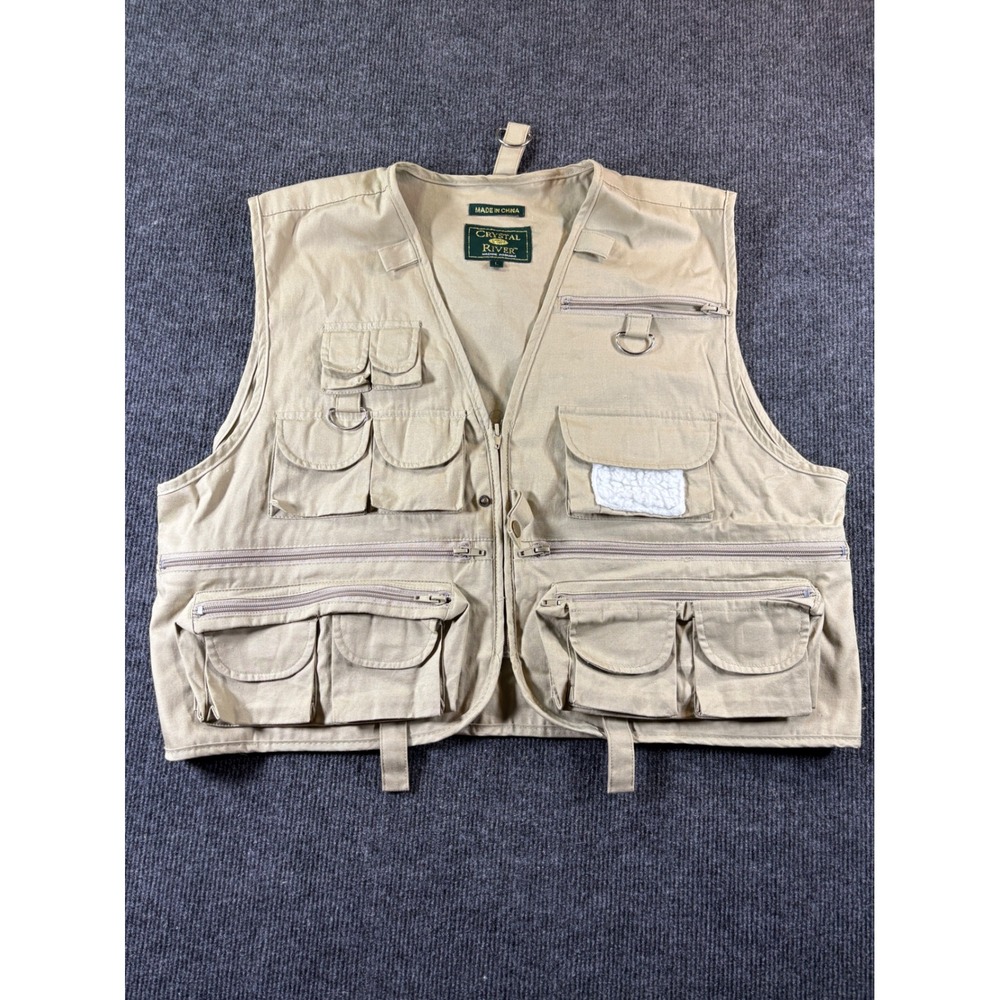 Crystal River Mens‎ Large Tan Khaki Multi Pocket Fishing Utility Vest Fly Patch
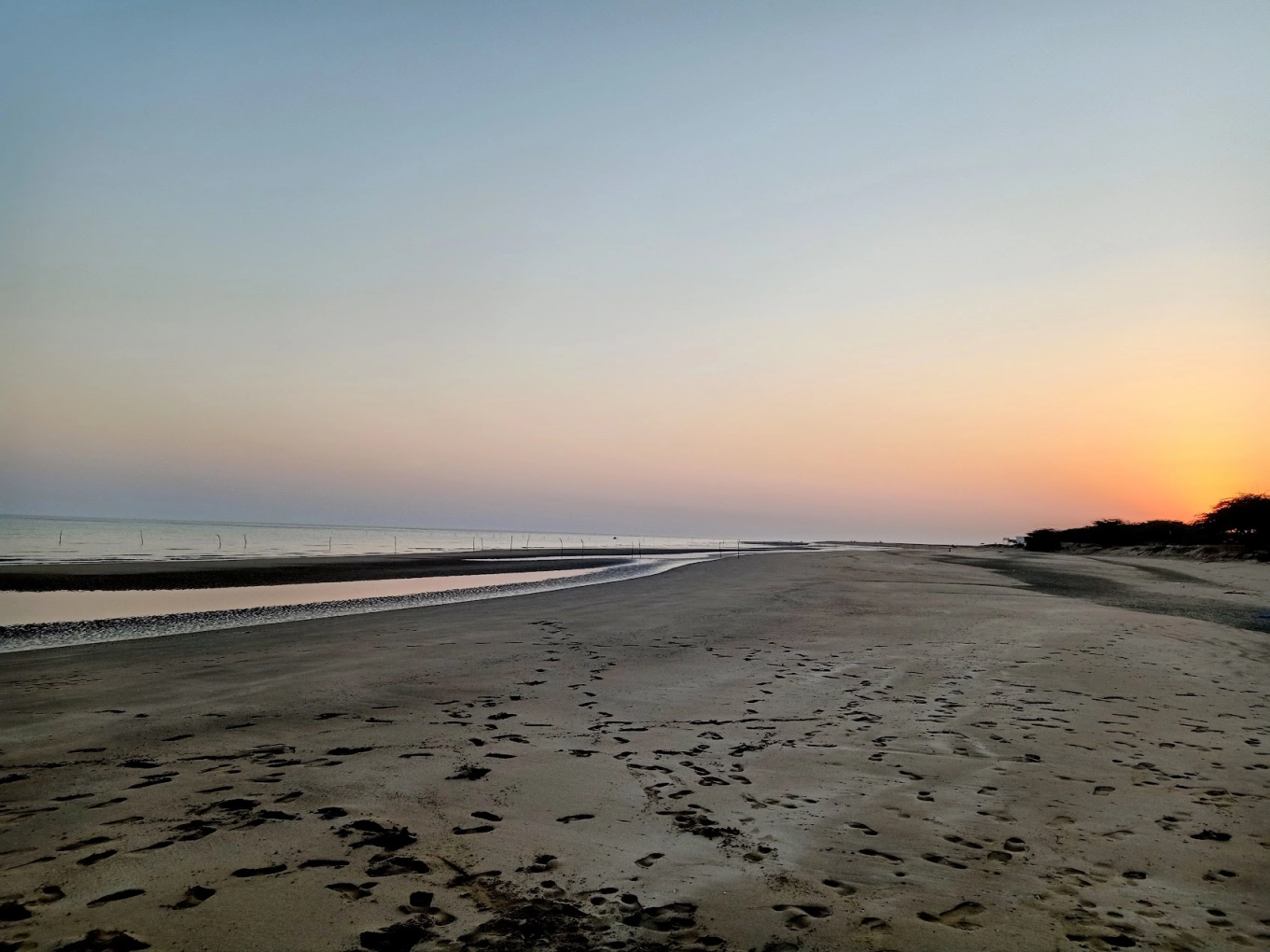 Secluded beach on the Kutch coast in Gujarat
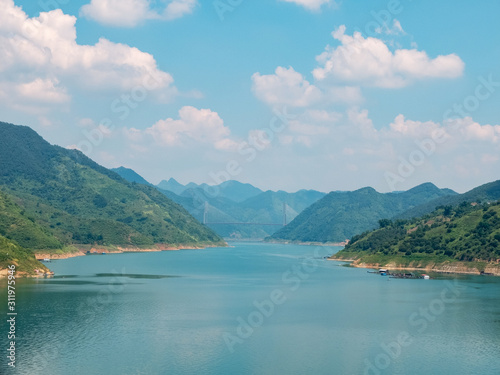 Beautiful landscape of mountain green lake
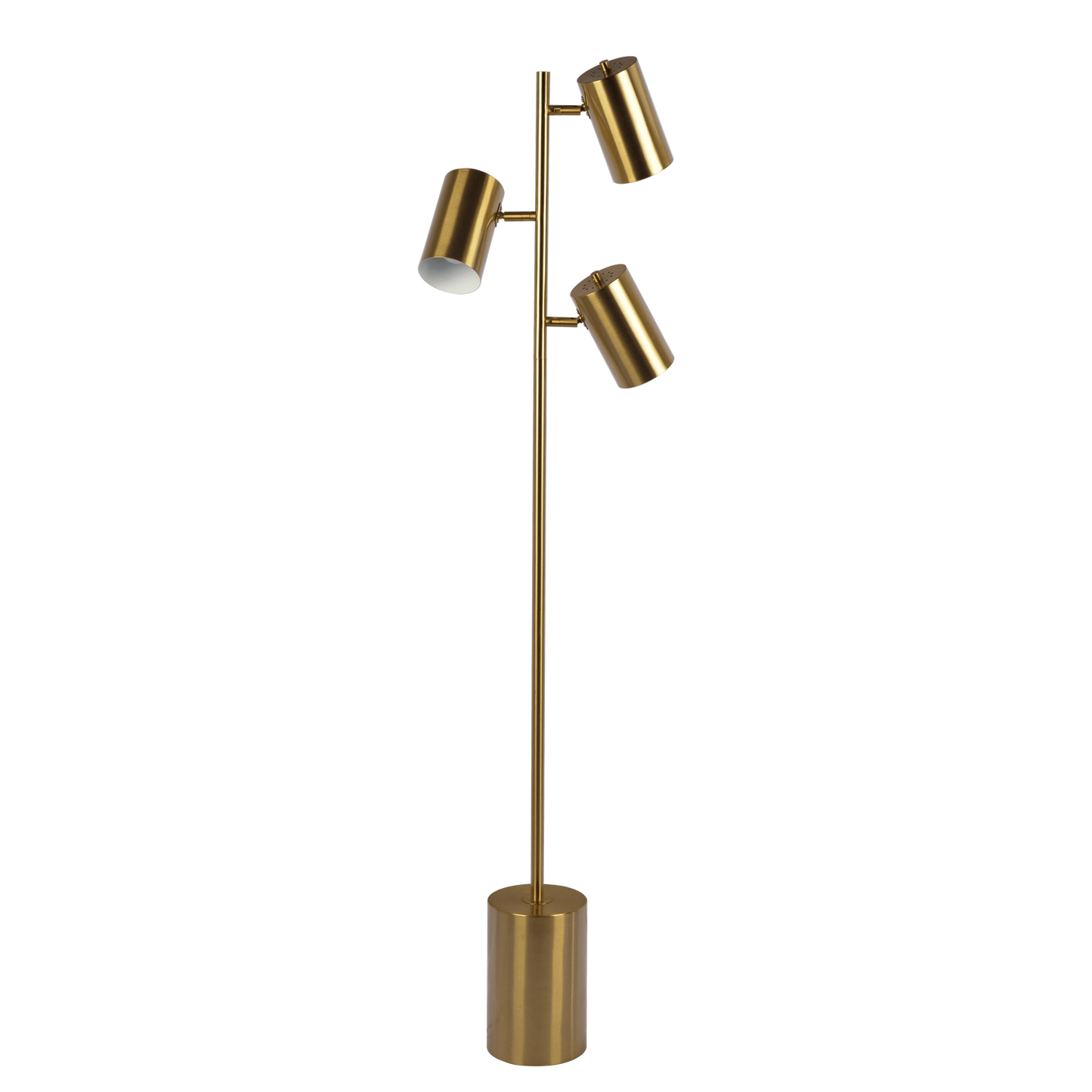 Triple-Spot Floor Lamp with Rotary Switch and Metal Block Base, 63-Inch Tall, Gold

---

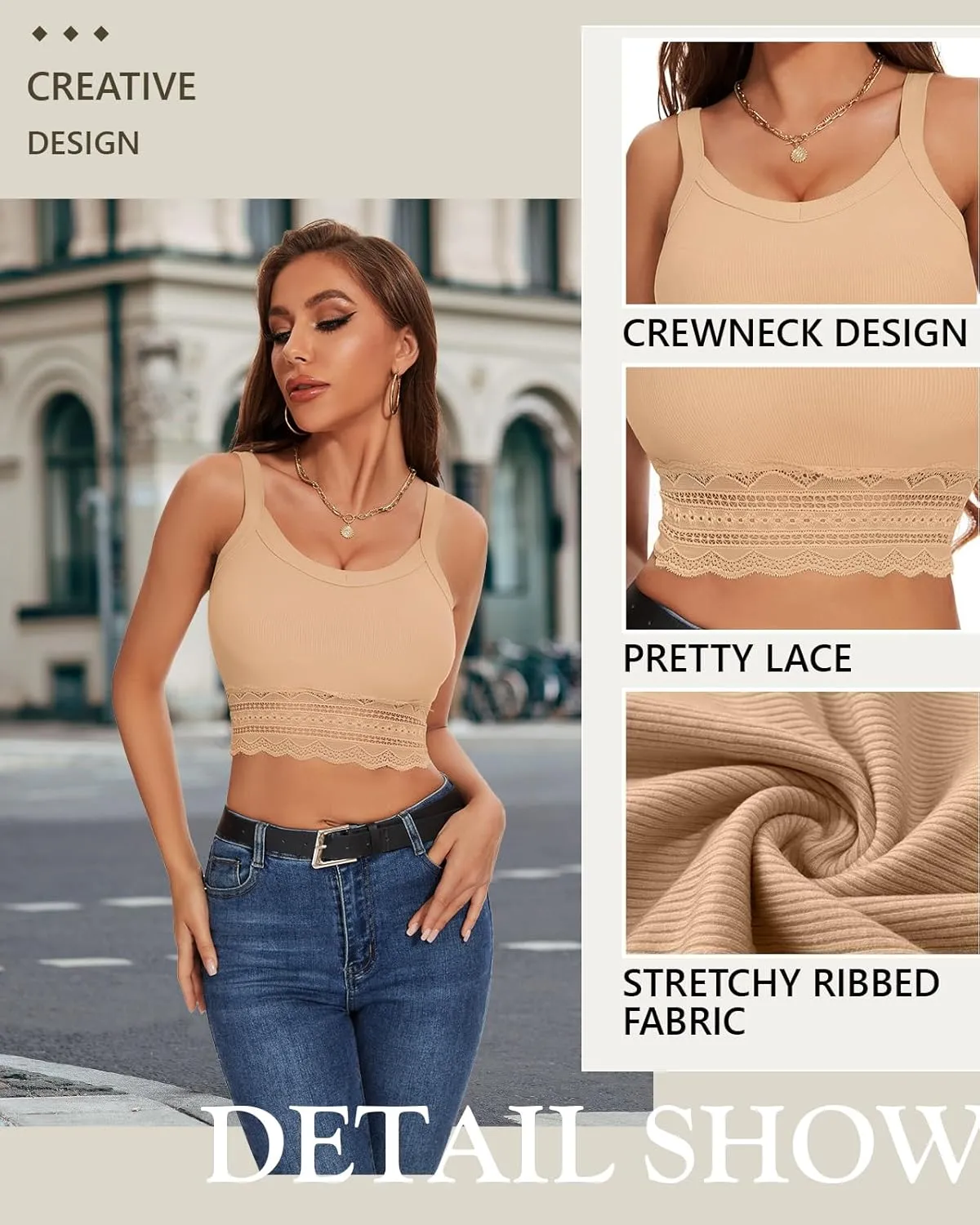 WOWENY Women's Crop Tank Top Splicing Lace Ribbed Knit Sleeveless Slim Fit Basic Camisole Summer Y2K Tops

--

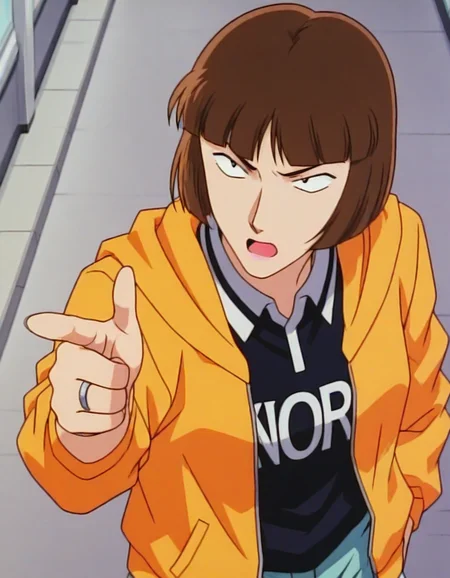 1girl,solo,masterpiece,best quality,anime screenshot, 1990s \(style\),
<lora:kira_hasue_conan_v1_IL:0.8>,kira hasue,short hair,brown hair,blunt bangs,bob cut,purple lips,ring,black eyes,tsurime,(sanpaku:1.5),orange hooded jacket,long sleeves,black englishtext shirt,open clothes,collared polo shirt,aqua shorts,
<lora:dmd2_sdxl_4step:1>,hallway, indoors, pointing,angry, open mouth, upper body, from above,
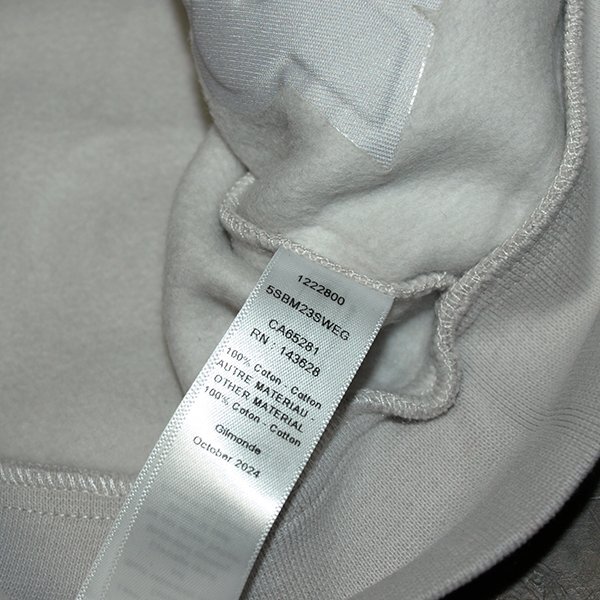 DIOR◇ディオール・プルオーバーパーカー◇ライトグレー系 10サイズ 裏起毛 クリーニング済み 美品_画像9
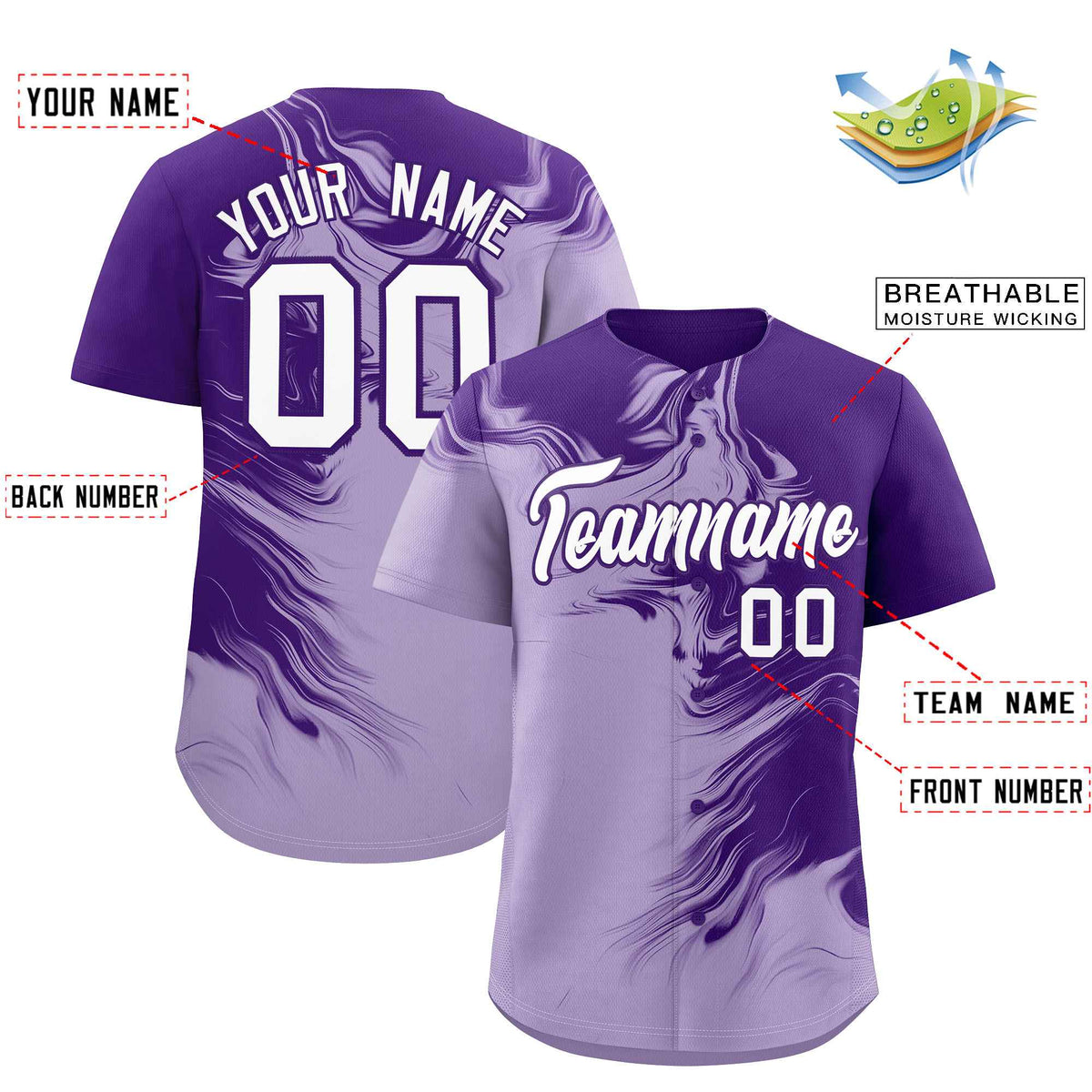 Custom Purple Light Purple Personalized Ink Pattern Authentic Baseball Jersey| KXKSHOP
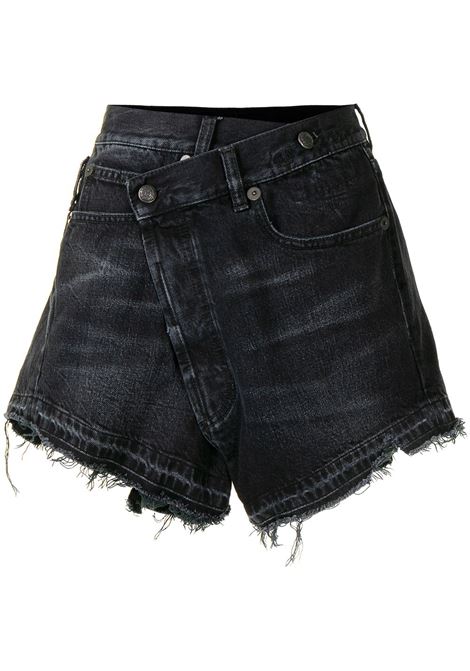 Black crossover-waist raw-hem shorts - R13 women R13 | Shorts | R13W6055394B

| Work task |
Nothing except the lines from the one containing "Crystal River Mens‎" through the one containing "Triple-Spot Floor Lamp" should appear in the answer, exactly as above and without pictures.

| Task result |
 Crystal River Mens‎ Large Tan Khaki Multi Pocket Fishing Utility Vest Fly Patch
 Secluded beach on the Kutch coast in Gujarat
 Beautiful landscape of mountain green lake
 Triple-Spot Floor Lamp with Rotary Switch and Metal Block Base, 63-Inch Tall, Gold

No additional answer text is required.